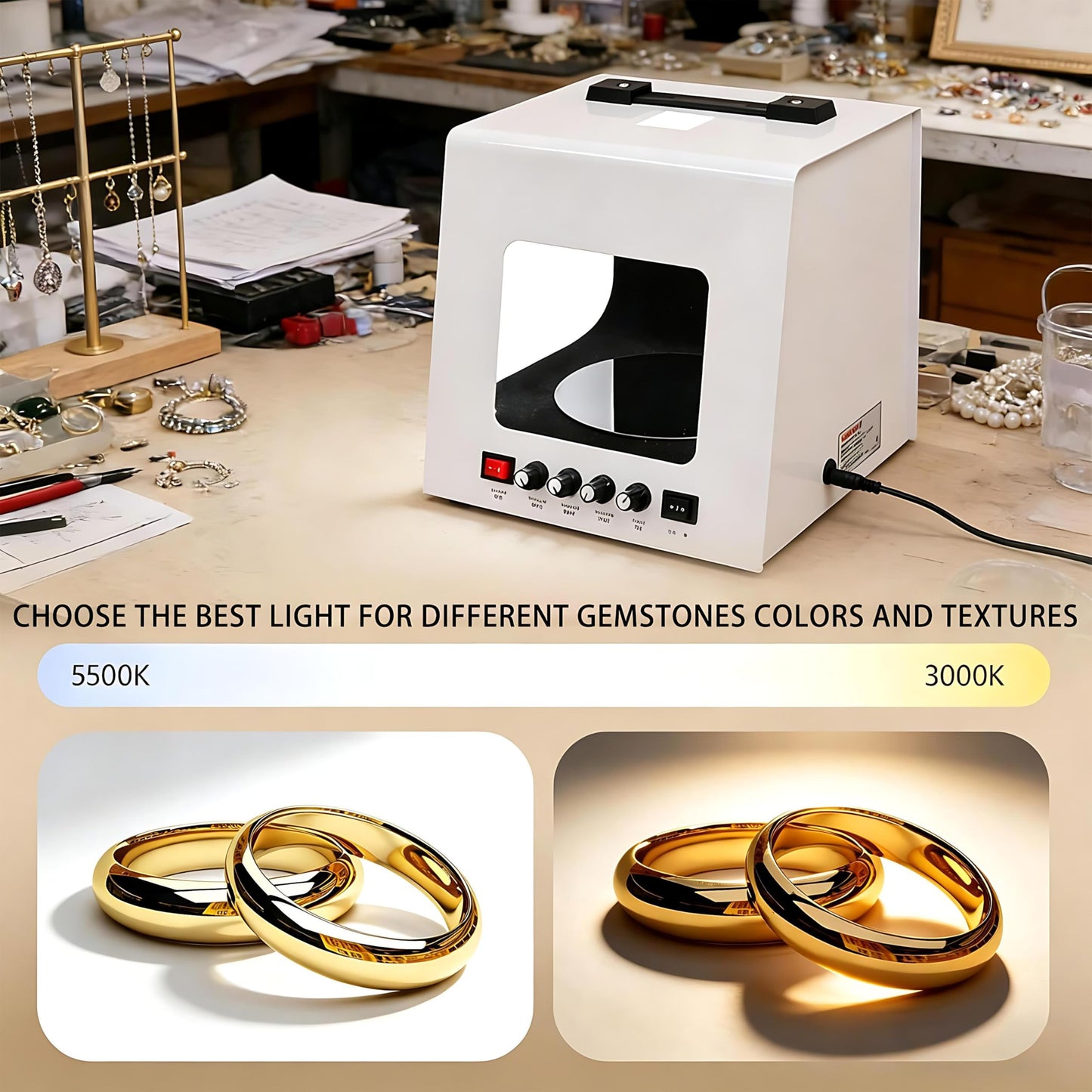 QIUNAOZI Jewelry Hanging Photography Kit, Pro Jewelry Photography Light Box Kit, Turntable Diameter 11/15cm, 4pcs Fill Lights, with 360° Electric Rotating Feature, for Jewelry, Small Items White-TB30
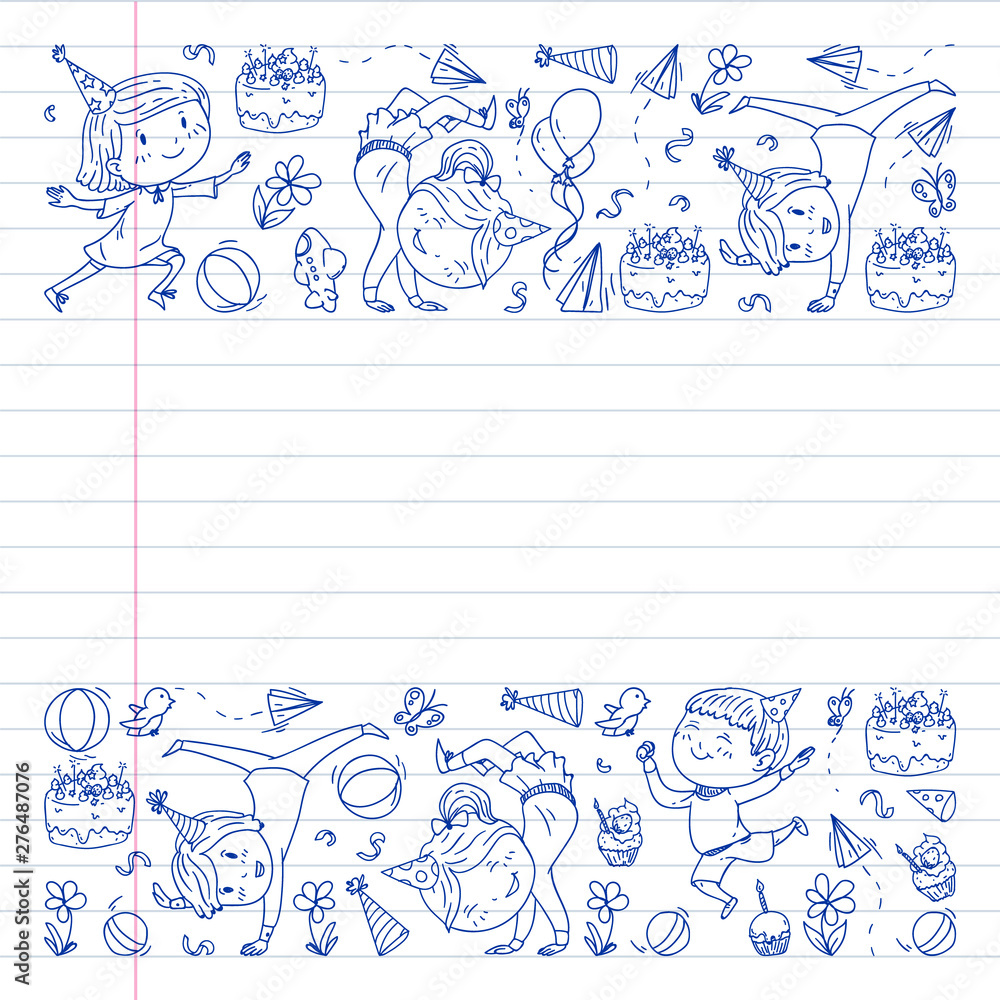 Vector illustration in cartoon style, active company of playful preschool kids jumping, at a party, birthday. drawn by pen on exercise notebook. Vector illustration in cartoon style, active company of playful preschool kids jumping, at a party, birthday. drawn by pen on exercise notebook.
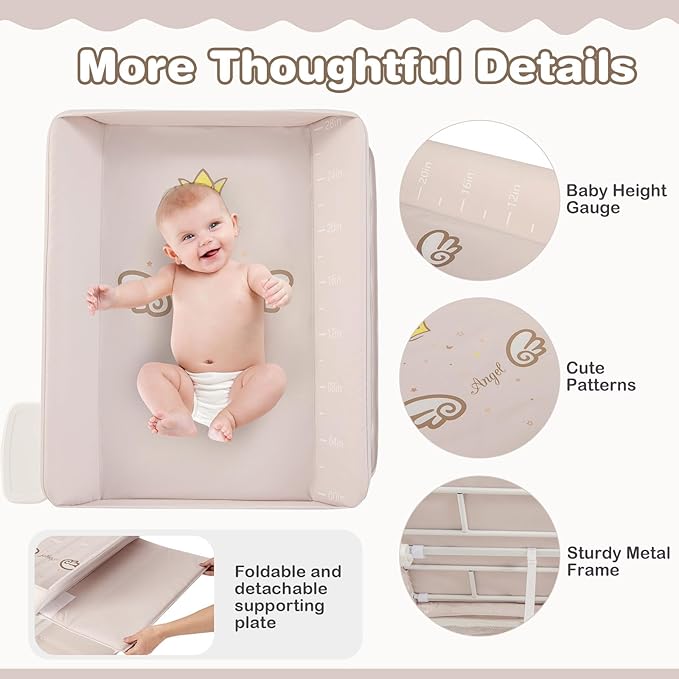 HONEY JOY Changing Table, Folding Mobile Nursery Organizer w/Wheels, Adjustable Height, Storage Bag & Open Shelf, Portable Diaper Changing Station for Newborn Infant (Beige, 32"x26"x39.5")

****

WHAT YOU HAVE TO DO:
Your answer should contain all the material above, written out exactly, and none of the pictures.

TASK SOLUTION:
 QIUNAOZI Jewelry Hanging Photography Kit, Pro Jewelry Photography Light Box Kit, Turntable Diameter 11/15cm, 4pcs Fill Lights, with 360° Electric Rotating Feature, for Jewelry, Small Items White-TB30
 Vector illustration in cartoon style, active company of playful preschool kids jumping, at a party, birthday. drawn by pen on exercise notebook. Vector illustration in cartoon style, active company of playful preschool kids jumping, at a party, birthday. drawn by pen on exercise notebook.
 HONEY JOY Changing Table, Folding Mobile Nursery Organizer w/Wheels, Adjustable Height, Storage Bag & Open Shelf, Portable Diaper Changing Station for Newborn Infant (Beige, 32"x26"x39.5")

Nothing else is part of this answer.